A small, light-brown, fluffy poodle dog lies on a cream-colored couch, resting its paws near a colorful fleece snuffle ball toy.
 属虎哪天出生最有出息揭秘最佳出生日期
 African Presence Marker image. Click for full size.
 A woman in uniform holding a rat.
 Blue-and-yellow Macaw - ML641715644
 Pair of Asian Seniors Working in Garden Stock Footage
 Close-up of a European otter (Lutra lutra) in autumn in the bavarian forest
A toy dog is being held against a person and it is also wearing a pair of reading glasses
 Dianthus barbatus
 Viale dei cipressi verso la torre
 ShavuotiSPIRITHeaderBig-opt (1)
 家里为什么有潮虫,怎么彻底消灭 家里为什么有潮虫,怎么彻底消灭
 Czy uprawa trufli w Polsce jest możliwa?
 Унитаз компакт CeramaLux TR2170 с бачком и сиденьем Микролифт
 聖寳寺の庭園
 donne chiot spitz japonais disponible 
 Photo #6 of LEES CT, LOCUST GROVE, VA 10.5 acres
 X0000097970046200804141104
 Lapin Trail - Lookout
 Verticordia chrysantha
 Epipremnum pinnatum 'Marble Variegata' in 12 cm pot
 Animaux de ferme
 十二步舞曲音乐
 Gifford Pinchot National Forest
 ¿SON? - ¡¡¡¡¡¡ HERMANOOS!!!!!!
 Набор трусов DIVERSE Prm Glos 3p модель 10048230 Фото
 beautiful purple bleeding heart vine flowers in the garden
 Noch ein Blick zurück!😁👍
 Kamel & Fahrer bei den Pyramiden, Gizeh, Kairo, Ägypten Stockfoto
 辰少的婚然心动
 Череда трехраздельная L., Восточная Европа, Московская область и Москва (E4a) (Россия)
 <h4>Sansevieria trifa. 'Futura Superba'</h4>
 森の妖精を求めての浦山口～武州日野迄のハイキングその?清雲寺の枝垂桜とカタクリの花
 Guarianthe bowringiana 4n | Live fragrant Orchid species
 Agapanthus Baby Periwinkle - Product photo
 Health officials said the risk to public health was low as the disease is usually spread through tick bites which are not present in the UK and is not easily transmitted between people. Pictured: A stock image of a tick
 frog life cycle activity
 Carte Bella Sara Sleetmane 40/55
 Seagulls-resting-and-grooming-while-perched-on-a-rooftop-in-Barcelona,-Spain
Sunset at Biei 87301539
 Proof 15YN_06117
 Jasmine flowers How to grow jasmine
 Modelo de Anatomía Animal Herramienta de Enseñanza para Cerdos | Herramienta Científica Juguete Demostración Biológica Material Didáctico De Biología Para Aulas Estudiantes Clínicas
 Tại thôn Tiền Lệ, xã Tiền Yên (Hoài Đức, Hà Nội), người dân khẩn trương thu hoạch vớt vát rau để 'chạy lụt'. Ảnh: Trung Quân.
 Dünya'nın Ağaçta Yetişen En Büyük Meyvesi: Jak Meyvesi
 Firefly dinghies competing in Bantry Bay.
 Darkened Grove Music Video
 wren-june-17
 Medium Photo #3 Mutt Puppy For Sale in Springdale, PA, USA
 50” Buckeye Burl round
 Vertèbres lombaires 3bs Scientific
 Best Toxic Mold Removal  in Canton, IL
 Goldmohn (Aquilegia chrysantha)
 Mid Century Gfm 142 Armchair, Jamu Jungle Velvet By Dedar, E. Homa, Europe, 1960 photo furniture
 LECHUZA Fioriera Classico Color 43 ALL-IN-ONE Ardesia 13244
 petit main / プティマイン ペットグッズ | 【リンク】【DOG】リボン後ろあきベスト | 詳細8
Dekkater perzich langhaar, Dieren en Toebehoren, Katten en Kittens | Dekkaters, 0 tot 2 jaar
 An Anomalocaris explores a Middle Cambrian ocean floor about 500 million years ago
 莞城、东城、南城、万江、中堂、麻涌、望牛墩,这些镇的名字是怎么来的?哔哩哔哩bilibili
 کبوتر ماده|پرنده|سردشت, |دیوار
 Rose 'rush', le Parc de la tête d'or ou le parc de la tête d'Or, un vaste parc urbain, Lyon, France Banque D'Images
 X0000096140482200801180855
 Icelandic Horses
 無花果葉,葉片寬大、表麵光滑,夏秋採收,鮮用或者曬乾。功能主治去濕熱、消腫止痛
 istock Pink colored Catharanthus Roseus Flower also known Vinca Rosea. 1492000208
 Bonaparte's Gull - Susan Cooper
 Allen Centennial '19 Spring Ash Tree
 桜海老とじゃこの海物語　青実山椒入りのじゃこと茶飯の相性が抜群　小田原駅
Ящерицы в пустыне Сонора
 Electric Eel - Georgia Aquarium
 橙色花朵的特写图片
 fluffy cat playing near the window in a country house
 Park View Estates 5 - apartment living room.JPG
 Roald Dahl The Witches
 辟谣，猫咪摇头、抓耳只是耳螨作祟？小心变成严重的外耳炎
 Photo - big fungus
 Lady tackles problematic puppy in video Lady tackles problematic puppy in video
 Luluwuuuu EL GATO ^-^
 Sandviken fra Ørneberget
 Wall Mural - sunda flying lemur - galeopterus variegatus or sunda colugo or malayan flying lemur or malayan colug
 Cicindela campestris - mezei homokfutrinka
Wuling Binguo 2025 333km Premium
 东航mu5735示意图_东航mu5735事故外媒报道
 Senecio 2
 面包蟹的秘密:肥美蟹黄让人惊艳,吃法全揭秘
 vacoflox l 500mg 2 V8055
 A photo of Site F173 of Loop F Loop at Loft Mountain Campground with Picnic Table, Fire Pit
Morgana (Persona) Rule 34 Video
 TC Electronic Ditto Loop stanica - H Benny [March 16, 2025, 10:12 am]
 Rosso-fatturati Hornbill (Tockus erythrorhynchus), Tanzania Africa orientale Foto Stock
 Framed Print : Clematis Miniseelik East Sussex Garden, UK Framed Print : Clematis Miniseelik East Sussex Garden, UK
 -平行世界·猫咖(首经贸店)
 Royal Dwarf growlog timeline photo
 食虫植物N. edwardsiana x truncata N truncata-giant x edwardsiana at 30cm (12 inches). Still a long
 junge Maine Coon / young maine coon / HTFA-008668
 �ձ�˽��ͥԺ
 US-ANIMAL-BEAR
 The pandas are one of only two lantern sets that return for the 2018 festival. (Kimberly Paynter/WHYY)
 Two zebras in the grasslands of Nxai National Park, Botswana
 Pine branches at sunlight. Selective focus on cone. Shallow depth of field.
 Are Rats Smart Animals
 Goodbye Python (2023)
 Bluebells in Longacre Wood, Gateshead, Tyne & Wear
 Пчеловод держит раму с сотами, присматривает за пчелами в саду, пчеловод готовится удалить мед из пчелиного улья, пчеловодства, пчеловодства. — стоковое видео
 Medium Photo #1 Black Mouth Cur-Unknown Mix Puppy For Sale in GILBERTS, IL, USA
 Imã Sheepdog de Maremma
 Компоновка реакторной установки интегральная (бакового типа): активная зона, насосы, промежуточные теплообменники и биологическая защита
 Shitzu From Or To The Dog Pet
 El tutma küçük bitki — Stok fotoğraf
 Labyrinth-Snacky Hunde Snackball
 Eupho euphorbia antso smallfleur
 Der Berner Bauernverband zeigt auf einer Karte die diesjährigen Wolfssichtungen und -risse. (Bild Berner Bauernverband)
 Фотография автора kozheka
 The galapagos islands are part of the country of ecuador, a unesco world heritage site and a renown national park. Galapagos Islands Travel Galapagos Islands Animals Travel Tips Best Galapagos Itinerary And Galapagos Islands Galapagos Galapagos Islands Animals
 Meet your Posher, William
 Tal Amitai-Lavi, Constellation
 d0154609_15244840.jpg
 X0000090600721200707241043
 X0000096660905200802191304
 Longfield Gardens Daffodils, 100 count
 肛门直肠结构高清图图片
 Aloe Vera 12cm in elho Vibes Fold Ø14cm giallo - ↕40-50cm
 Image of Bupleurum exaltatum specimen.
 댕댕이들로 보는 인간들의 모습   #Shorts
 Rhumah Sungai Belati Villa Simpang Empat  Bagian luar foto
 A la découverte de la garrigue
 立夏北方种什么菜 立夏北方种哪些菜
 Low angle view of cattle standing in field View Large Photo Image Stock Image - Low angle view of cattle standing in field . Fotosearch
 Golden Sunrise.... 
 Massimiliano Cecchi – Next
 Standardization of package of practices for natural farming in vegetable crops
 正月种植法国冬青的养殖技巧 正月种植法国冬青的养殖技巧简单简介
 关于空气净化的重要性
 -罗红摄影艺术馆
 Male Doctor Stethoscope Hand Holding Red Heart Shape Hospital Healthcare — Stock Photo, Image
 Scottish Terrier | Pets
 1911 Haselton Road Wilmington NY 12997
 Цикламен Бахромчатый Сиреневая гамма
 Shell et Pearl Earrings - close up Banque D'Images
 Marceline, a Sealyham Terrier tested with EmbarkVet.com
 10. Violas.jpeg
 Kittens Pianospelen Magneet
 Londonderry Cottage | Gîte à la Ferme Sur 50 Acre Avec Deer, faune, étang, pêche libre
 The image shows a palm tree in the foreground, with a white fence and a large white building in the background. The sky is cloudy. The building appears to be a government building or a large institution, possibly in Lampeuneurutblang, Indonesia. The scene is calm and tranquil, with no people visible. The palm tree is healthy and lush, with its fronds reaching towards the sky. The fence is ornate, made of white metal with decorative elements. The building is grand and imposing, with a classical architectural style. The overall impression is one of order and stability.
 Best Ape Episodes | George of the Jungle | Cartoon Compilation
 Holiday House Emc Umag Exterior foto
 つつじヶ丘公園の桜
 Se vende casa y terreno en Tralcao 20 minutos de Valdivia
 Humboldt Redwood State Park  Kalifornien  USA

» Required work: What you return should be exactly the lines above, starting at the one with "petit main /" and ending at the one with "کبوتر ماده|پرنده|سردشت, |دیوار", and nothing else.

» Answer to this exercise:
 petit main / プティマイン ペットグッズ | 【リンク】【DOG】リボン後ろあきベスト | 詳細8
Dekkater perzich langhaar, Dieren en Toebehoren, Katten en Kittens | Dekkaters, 0 tot 2 jaar
 An Anomalocaris explores a Middle Cambrian ocean floor about 500 million years ago
 莞城、东城、南城、万江、中堂、麻涌、望牛墩,这些镇的名字是怎么来的?哔哩哔哩bilibili
 کبوتر ماده|پرنده|سردشت, |دیوار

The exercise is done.